Data for the task:

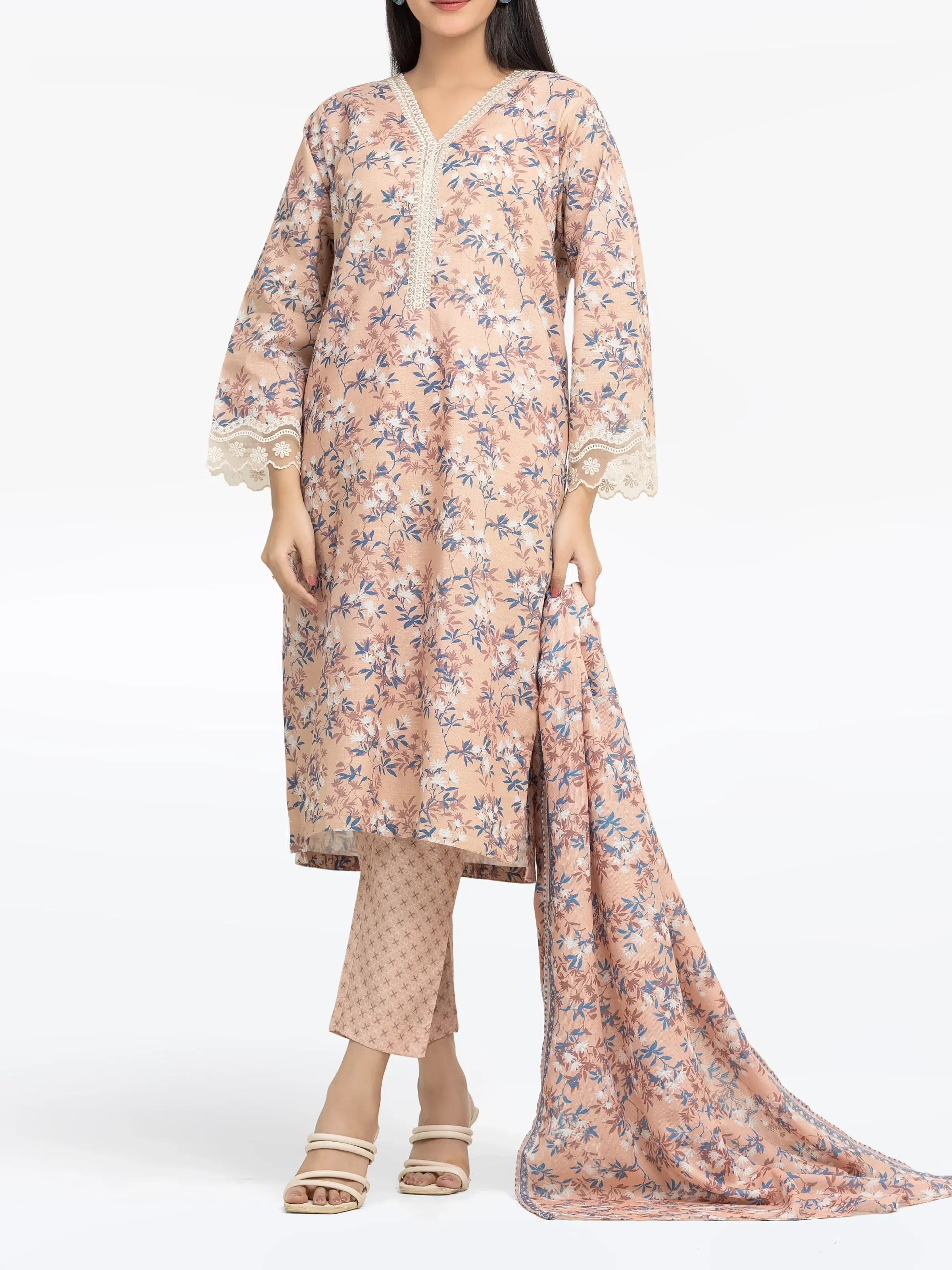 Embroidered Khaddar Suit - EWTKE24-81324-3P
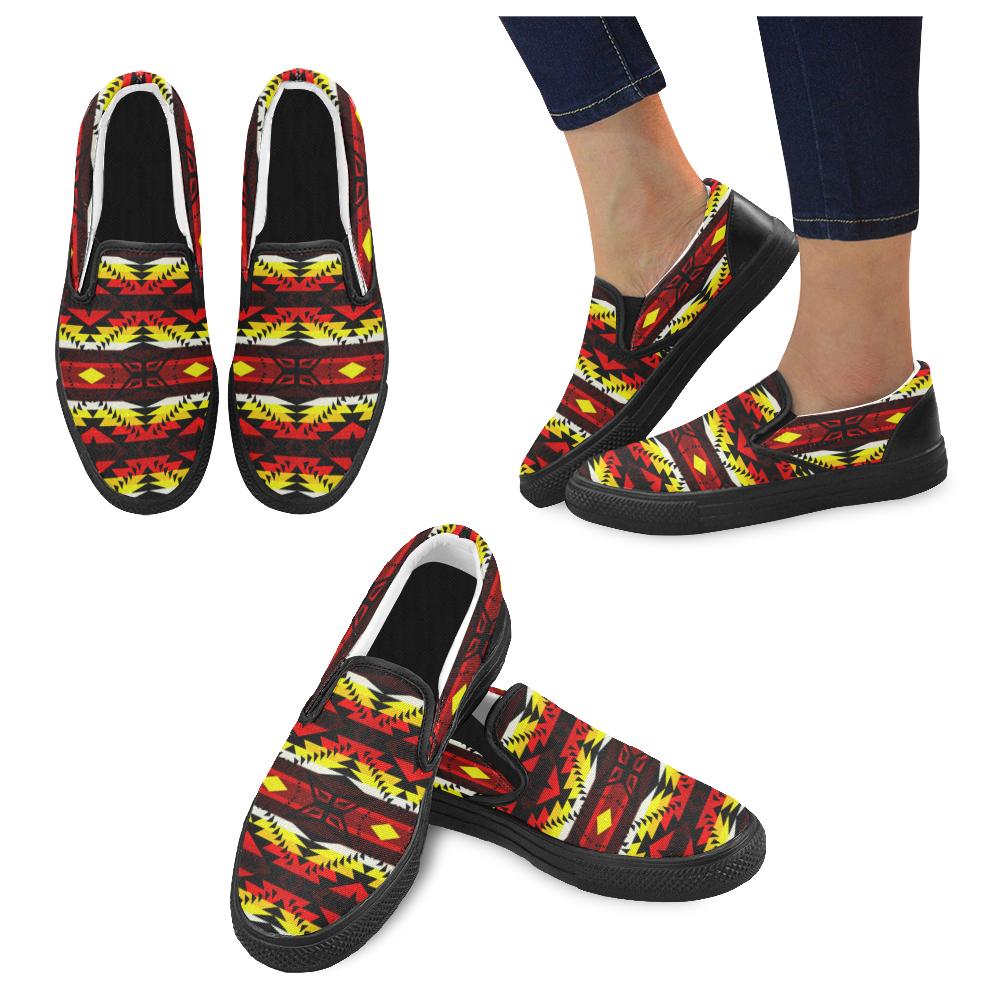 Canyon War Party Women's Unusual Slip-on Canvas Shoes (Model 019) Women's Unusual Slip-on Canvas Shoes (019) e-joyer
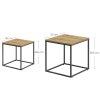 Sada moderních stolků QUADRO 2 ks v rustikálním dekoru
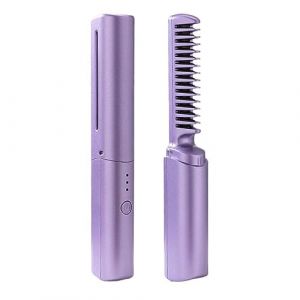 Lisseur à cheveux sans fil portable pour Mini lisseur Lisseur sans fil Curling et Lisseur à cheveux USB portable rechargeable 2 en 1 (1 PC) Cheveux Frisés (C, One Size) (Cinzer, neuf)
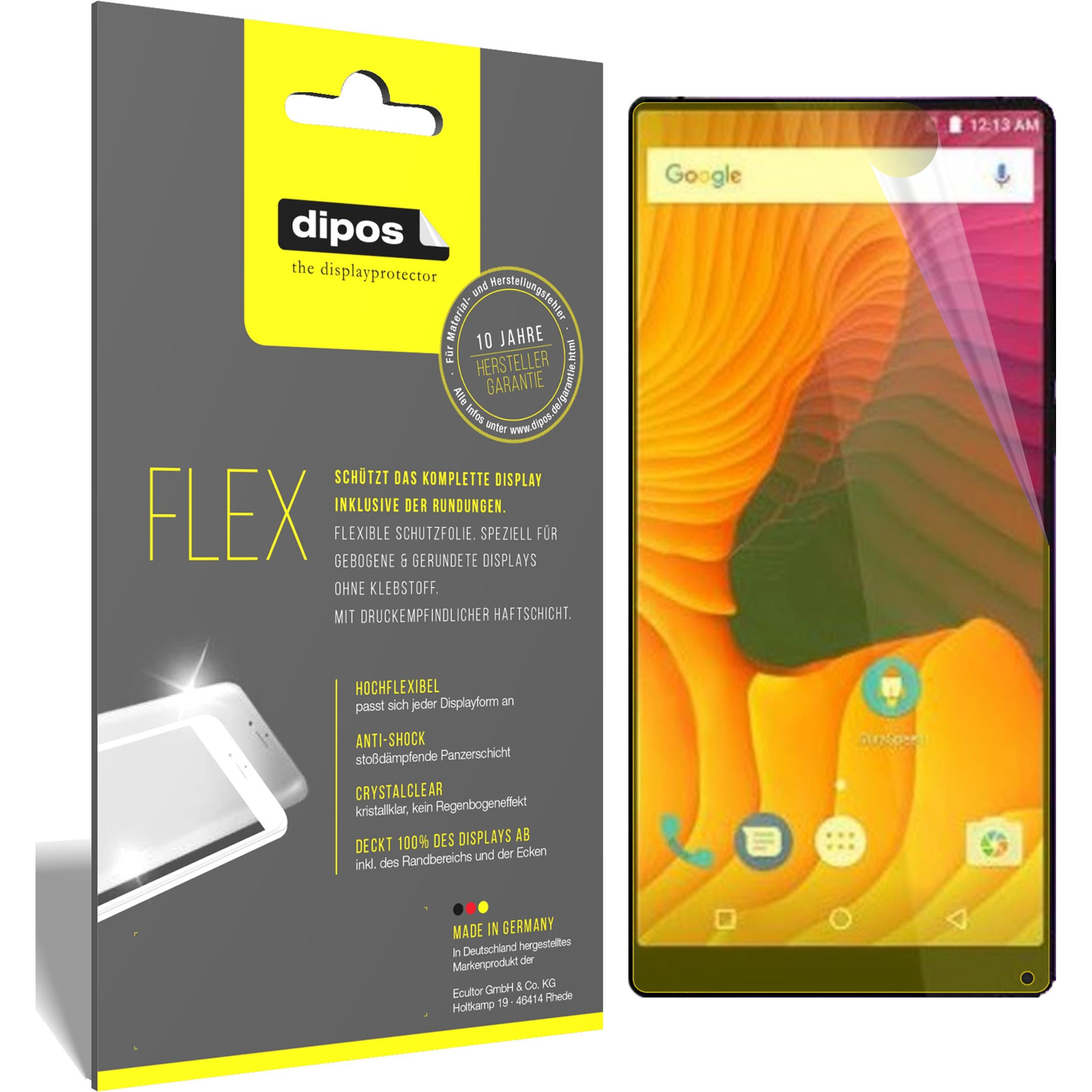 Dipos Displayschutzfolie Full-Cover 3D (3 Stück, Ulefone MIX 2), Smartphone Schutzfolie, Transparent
* * *
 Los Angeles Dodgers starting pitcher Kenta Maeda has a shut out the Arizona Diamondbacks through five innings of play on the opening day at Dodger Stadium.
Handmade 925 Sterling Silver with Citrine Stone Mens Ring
* * *
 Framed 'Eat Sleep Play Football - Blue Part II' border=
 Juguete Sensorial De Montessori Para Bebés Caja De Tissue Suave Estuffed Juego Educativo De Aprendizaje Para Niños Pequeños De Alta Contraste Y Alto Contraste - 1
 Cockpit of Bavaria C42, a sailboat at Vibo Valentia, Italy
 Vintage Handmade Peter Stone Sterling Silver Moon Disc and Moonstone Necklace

What the task asks: Can you repeat, word for word, every line above from the one containing "Framed 'Eat Sleep" down to the one containing "Vintage Handmade Peter", including both?

Solved exercise:
 Framed 'Eat Sleep Play Football - Blue Part II' border=
 Juguete Sensorial De Montessori Para Bebés Caja De Tissue Suave Estuffed Juego Educativo De Aprendizaje Para Niños Pequeños De Alta Contraste Y Alto Contraste - 1
 Cockpit of Bavaria C42, a sailboat at Vibo Valentia, Italy
 Vintage Handmade Peter Stone Sterling Silver Moon Disc and Moonstone Necklace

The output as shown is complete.